Why am I getting Attribute error: nonetype object has no attribute get_text whenever I try to scrape this ecommerce store

Question

I’m trying to scrape an ecommerce store but getting Attribute error: nonetype object has no attribute get_text. This happens whenever i try to iterate between each products through the product link. I’m confused if am running into a javascript or captcha or whatnot don’t know. Here’s my code

import requests
from bs4 import BeautifulSoup

baseurl = 'https://www.jumia.com'

headers = {
     'User-Agent': 'Mozilla/5.0 (Windows NT 10.0; WOW64) AppleWebKit/537.36 (KHTML, like Gecko) Chrome/106.0.0.0 Safari/537.36'
}

productlinks = []

for x in range(1,51):
    r = requests.get(f'https://www.jumia.com.ng/ios-phones/?page={x}#catalog-listing/')
    soup = BeautifulSoup(r.content, 'lxml')
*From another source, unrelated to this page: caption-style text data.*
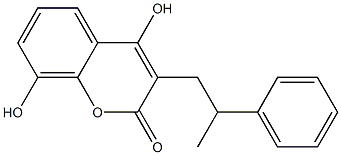 8-Hydroxy-3-(2-phenylpropyl)-4-hydroxy-2H-1-benzopyran-2-one Struktur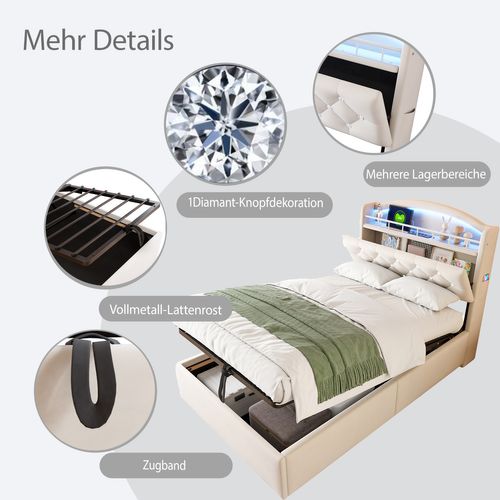 Lit Enfant 90x200 Velours Multimédia Avec Rangement LED USB Beige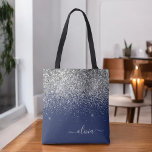 Bolso De Tela Purpurina azul de la Marina Plata Monograma Girly<br><div class="desc">Bolsa de libros monograma elegante de Navy Blue y Silver Faux Sparkle y Purpurina. Esta Bolsa de Libros puede ser personalizada para incluir su nombre inicial y de pila y entregarse como regalo para Navidades,  Dulce 16 Cumpleaños,  Ducha de Novias o un Boda.</div>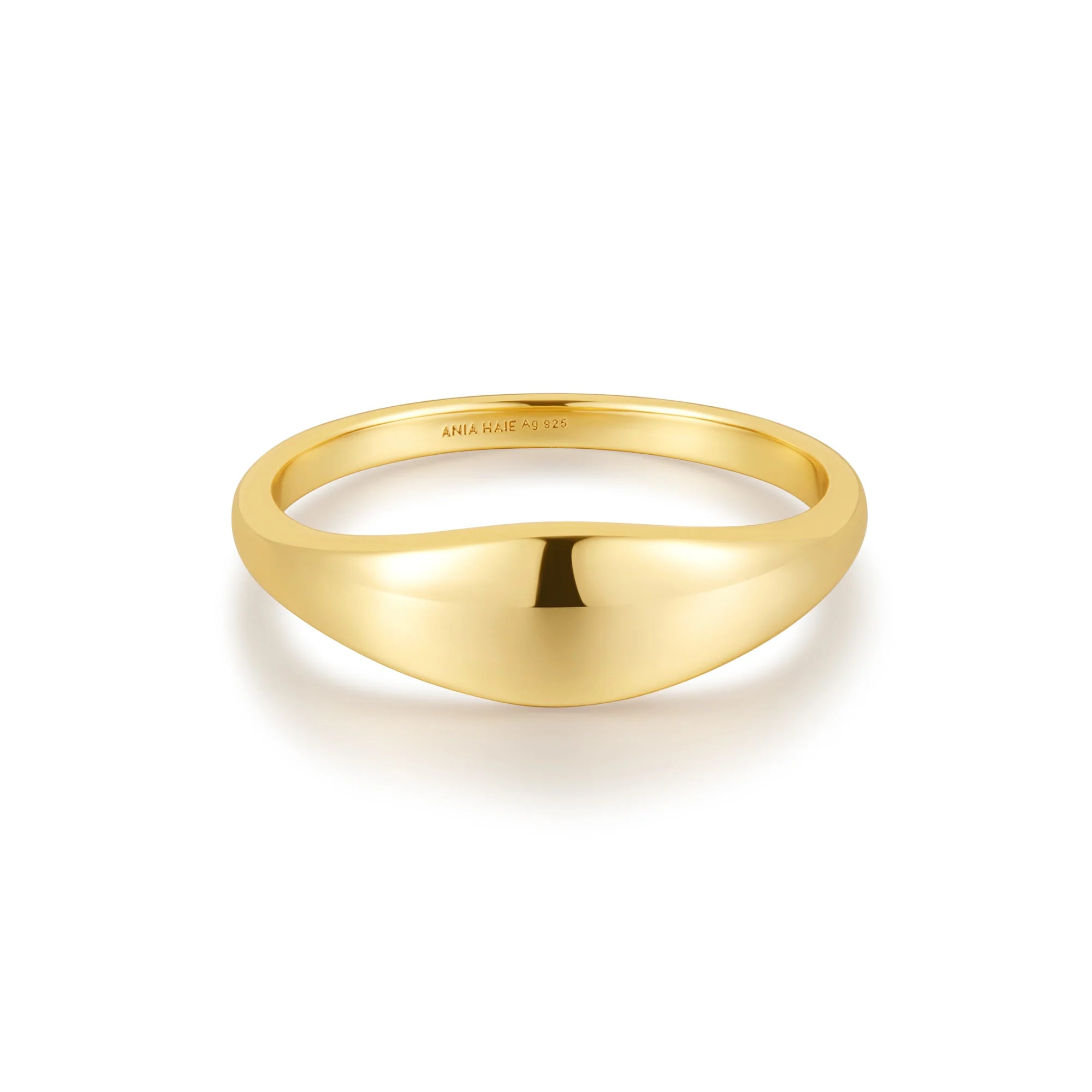 luxury diamond wedding rings -Ania Haie Gold Dome Plain Ring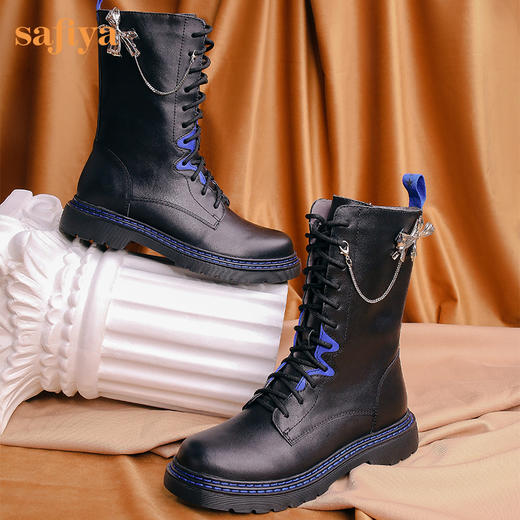 【春节不打烊】Safiya/索菲娅 潮酷设计感2022冬季新款小众撞色系带厚底马丁靴 SF24116055 商品图7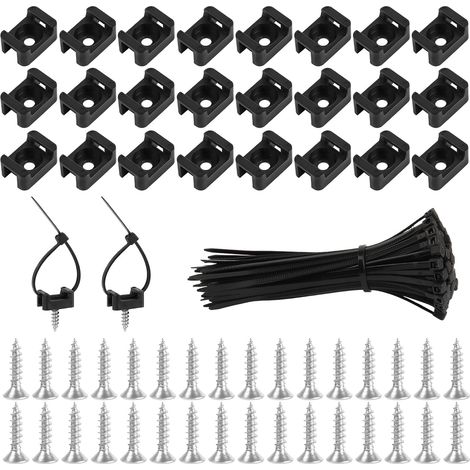 130 Pieces Saddle Type Cable Base Bracket, Black Zip Fastener Mounting Base, Nylon Cable Ties with Cable Clamp and Screws, Cable Attachment for Cable Tie (1/5)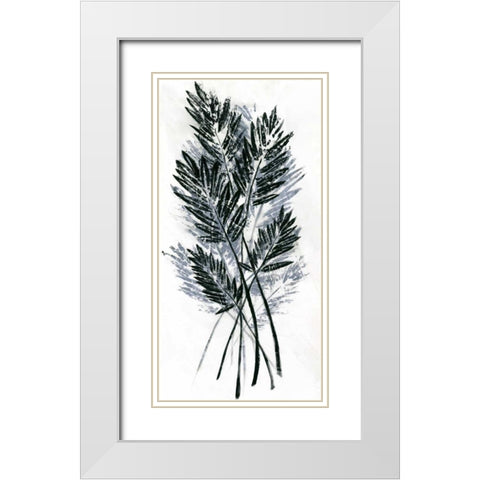 Palm Leaf Fresco I White Modern Wood Framed Art Print with Double Matting by Vision Studio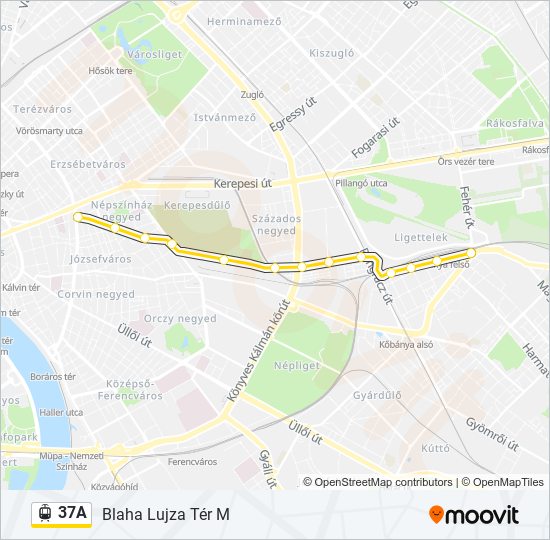 37A light rail Line Map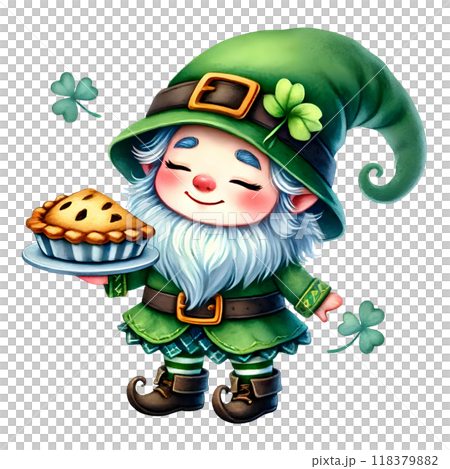 3D Leprechaun with pie 118379882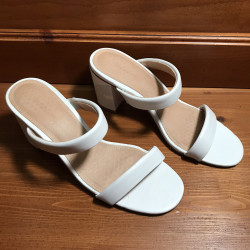 Soludos White Block Heels, Size 7, Used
    productlist = soup.find_all('article', class_='prd _fb col c-prd')

    for product in productlist:
        for link in product.find_all('a', href=True):
            productlinks.append(baseurl + link['href'])
           
for link in productlinks:
    r = requests.get(link, headers = headers)
    soup = BeautifulSoup(r.content, 'lxml')
    
    name = soup.find('h1', class_='-fs20 -pts -pbxs').get_text(strip=True)
    amount = soup.find('span', class_='-b -ltr -tal -fs24').get_text(strip=True)
    review = soup.find('div', class_='stars _s _al').get_text(strip=True)
    rating = soup.find('a', class_='-plxs _more').get_text(strip=True)
    features = soup.find_all('li', attrs={'style': 'box-sizing: border-box; padding: 0px; margin: 0px;'})
    a = features[0].get_text(strip=True)
    b = features[1].get_text(strip=True)
    c = features[2].get_text(strip=True)
    d = features[3].get_text(strip=True)
    e = features[4].get_text(strip=True)
    f = features[5].get_text(strip=True)

    
    print(f"Name: {name}")
    print(f"Amount: {amount}")
    print(f"Review: {review}")
    print(f"Rating: {rating}")

    print('Key Features')
    print(f"a: {a}")
    print(f"b: {b}")
    print(f"c: {c}")
    print(f"d: {d}")
    print(f"e: {e}")
    print(f"f: {f}")
               
    print('')

Here’s the error message:

Traceback (most recent call last):
  File "c:UsersLPDocumentsjumiajumia.py", line 32, in <module>       
    name = soup.find('h1', class_='-fs20 -pts -pbxs').get_text(strip=True)
AttributeError: 'NoneType' object has no attribute 'get_text'
PS C:UsersLPDocumentsjumia>  here

Asked By: Miracle

||

Source

Answer 1

Change the variable baseurl to https://www.jumia.com.ng and change the features variable to features = soup.find('article', class_='col8 -pvs').find_all('li'). After fixing those two issues, you’ll probably get an IndexError because not every page has six features listed. You can use something like the following code to iterate through the features and print them:

for i, feature in enumerate(features):
        print(chr(ord("a")+i) + ":", feature.get_text(strip=True))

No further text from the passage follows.